## HOW TO COMPLETE THIS TASK
Nothing but the lines from the one containing "Realistic sand beach" through the last line of the records belongs in the answer, copied exactly and with the pictures left out.

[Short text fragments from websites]
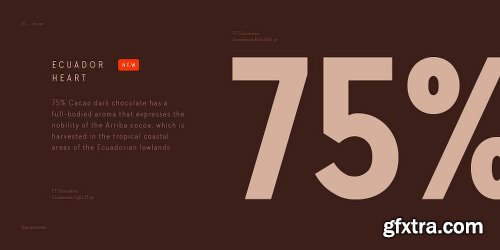 TT Chocolates Condensed Font Family - 10 Fonts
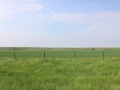 image03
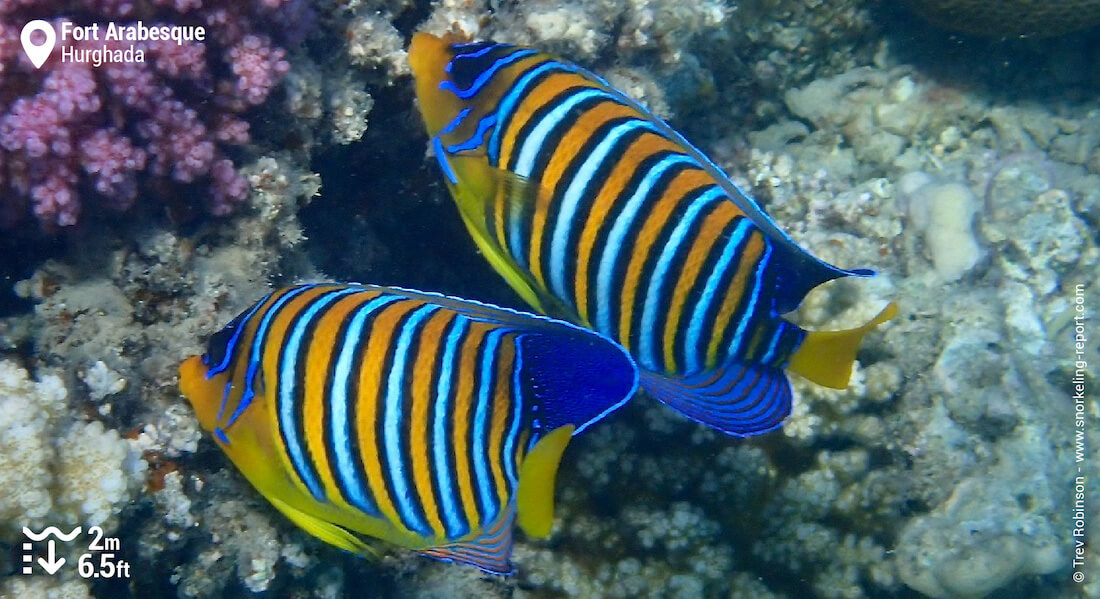 A couple of regal angelfish in Fort Arabesque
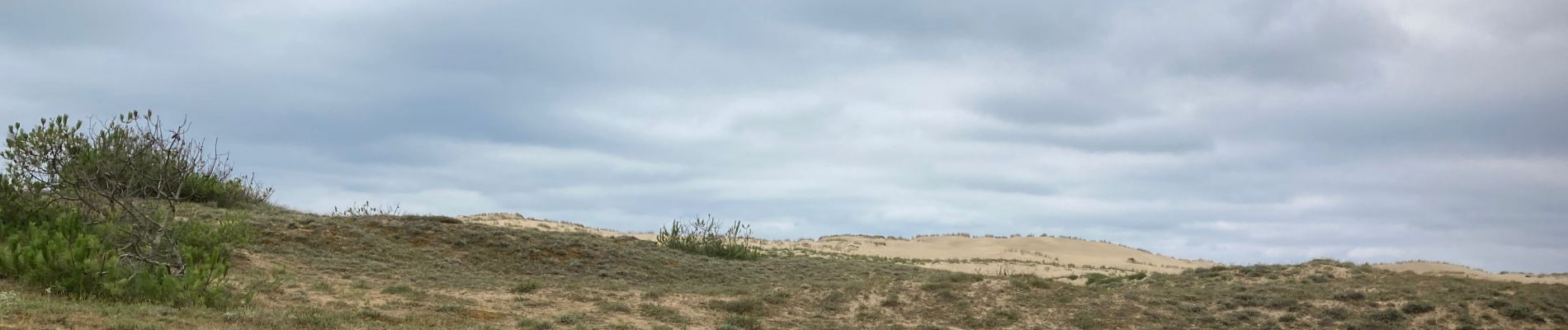 Randonnée Marche La Tremblade - Phare de la Coubre - Photo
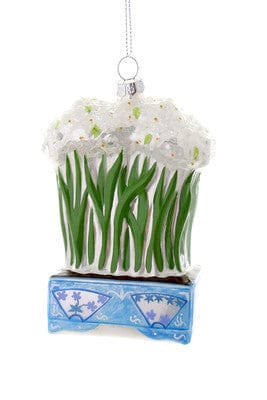 Cody Foster Potted Paperwhites Ornament - 1 Each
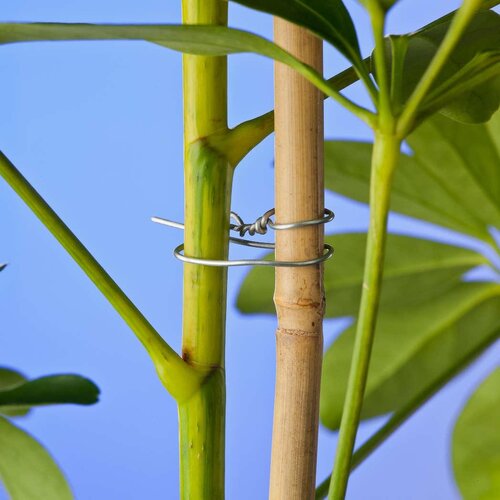 Nature gegalvaniseerd draad 0.7 mm - afbeelding 2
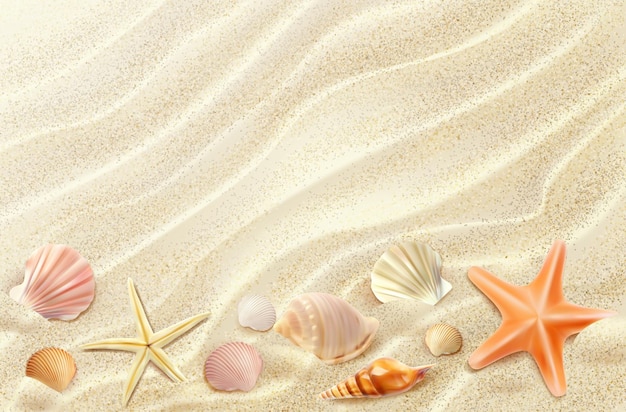 Realistic sand beach top view seashells starfish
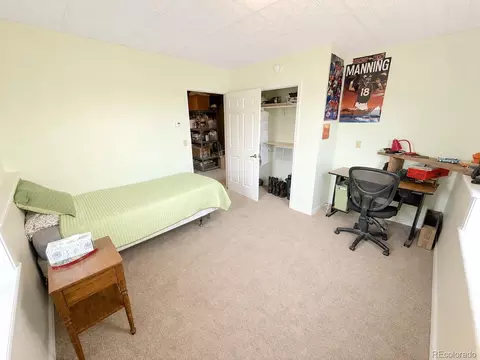 Other - 242 E Blarney Stone Rd, Howard, CO 81233 photo 7 of 15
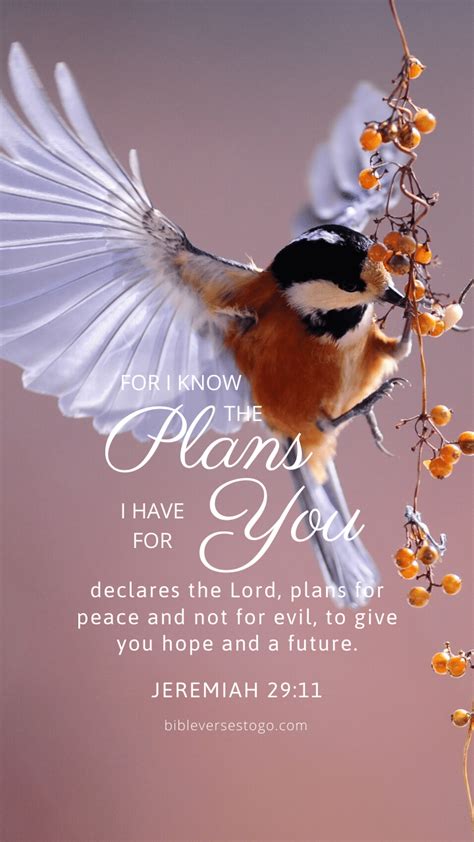 Birdflight Bible Verse Wallpaper Bible Verses To Go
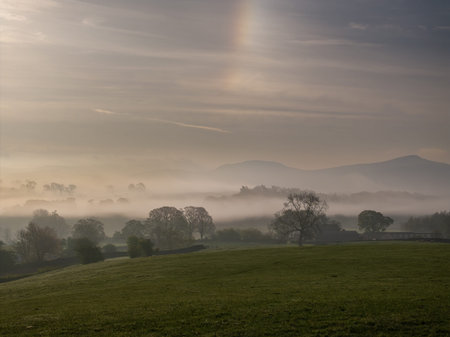 Scenic Misty Morning Landscape With Sunrise Over Trees and Fields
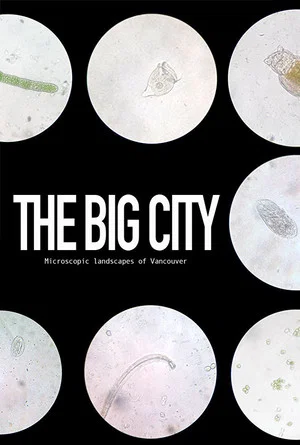 Постер: The Big City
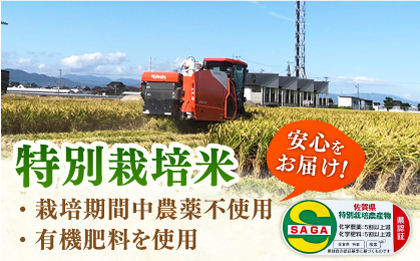 令和7年産 新米 ももちゃんちのお米 さがびより 玄米 5kg 【ももさき農産】 [HCG004]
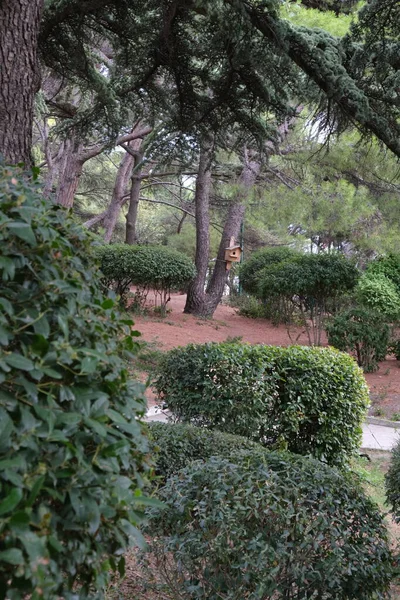 Kırım Güzel Bir Park Yeşil Yapraklı Yaşlı Ağaçlarla Dolu Renkli — Stok fotoğraf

## ANSWER BOX
 Realistic sand beach top view seashells starfish
 Other - 242 E Blarney Stone Rd, Howard, CO 81233 photo 7 of 15
 Birdflight Bible Verse Wallpaper Bible Verses To Go
 Scenic Misty Morning Landscape With Sunrise Over Trees and Fields
 Постер: The Big City
 令和7年産 新米 ももちゃんちのお米 さがびより 玄米 5kg 【ももさき農産】 [HCG004]
 Kırım Güzel Bir Park Yeşil Yapraklı Yaşlı Ağaçlarla Dolu Renkli — Stok fotoğraf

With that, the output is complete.